Derive the equation for the calculation of $pH$ of an acidic buffer solution.

(N/A) An acidic buffer solution consists of a weak acid and its salt with a strong base,such as a mixture of acetic acid $(CH_3COOH)$ and sodium acetate $(CH_3COONa)$.

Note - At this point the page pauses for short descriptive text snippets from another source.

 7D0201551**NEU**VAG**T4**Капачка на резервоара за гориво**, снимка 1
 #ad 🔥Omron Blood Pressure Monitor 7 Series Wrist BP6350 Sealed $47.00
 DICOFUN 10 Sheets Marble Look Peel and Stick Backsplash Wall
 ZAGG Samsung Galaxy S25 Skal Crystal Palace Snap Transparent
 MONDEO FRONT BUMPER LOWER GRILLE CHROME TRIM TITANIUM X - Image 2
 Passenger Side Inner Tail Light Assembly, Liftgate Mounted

The equilibrium of ionization of a weak acid $HA$ in water is represented as:
$HA + H_2O \rightleftharpoons H_3O^+ + A^-$
The acid dissociation constant $K_a$ is given by:
$K_a = \frac{[H_3O^+][A^-]}{[HA]}$
Rearranging for $[H_3O^+]$:
$[H_3O^+] = K_a \times \frac{[HA]}{[A^-]}$
Taking the negative logarithm on both sides:
$-\log[H_3O^+] = -\log K_a - \log \frac{[HA]}{[A^-]}$
Since $pH = -\log[H_3O^+]$ and $pK_a = -\log K_a$,we get:
$pH = pK_a - \log \frac{[HA]}{[A^-]}$
By inverting the log term:
$pH = pK_a + \log \frac{[A^-]}{[HA]}$
This is the Henderson-Hasselbalch equation,where $[A^-]$ is the concentration of the conjugate base and $[HA]$ is the concentration of the acid.